Australian scientists have discovered that forest soils need up to eight decades to recover from bushfires and logging, not just 10 or 15 years. Their findings could change the way forests are managed, with implications on climate change and forest sustainability. Source: ABC News

Scientists studied the soil from Victoria’s Ash Mountain forests that supplies water to the entire population of Melbourne. Bushfires have always been a grim inevitability of Australian summers.

“It’s at least 30 years after logging, and at least 80 years after fire,” said David Lindenmayer, who was part of the team that studied forest soil regeneration.

David Lindenmayer, Professor of Ecology at the Australian National University, told The World Today that these soil recovery timeframes are “very conservative estimates and we suspect that it may be much longer… potentially up to 150 years”.

“These results are very significant for many reasons. First of all, it suggests that when we’re thinking about sustainable management of forests we have to think not only about the trees and the rest of the forest including biodiversity, but now we also have to think deeply about the soils,” he said.
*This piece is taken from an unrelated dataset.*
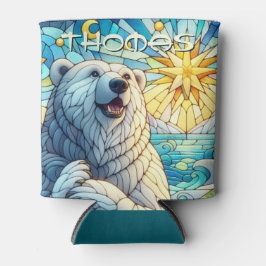 Enfriador De Latas Polar Bear Faux Stained Glass Personalizado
Soil can determine how quickly the forest grows, the level of carbon in the forests and how much carbon is fixed or released from the soils, explained Professor Lindenmayer.

“It has climate change implications, it has sustainability implications, and it has implications for how we manage these important resources,” he said.

Professor Lindenmayer’s research showed that when there’s a major insult to soil – such as burning or logging – many essential nutrients are lost.

“What it suggests is that we need larger areas of undisturbed forests, that’s undisturbed by fire and logging to make sure that we maintain the health of these systems,” said Professor Lindenmayer.

“Now this really matters in the case of the Mountain Ash Forest outside of Melbourne, because as a consequence of fire and logging and the combination of both, 98.8% of that entire forest system which supplies most of the water to Melbourne is now 80 years or younger.

“There will be significant fire and logging effects on the soils, right throughout that entire forest.”

David Lindenmayer said the Victorian Government needs to step up in order to preserve the forest and Melbourne’s water supply “and look more deeply at how to manage these forests and set aside more protected areas that are exempt from these kinds of major disturbances such as logging and fire”.

Professor Lindenmayer told The World Today that “almost all of the timber out of this forest goes to make paper” and a solution would be to use plantation feedstock instead of native forest timber.

“We won’t lose a single job, in fact it will grow the forest industry to be more substantial than it is now, but using plantation feedstock, rather than using native forest,” he said.

Vic Forests is a state-owned business responsible for the harvest, commercial sale and re-growing of timber from Victoria’s state forests on behalf of the Government.

Alex Messina, the general manager of corporate affairs, told The World Today that Vic Forests was not consulted about the research, and pointed out that the study was a “piece of research about bushfire, not logging”.

“In the last decade, there’s been about three million hectares of bush burnt in Victoria, compared to harvesting, which is about 3000 hectares a year, or if you like 30,000 [hectares] over 10 years. ‘

“That means that the impact of logging is about 1% – in effect, this is a piece of research of fires, not about harvesting, and in any case, it finds that the effect of harvesting is substantially less.”

Mr Messina said that the state already preserves vast areas for conservation with 94% of public forests being reserved as national parks or state reservations that “can never be harvested”.

“We only harvest anywhere at all in that 6% area, and even in that 6% area we harvest a very small amount of forest — about 3000 hectares a year, or 0.04% of the entire Victorian public forests,” he said.

“That amounts to four trees in 10,000 per year being impacted by harvesting across the landscape of Victorian public forested area.”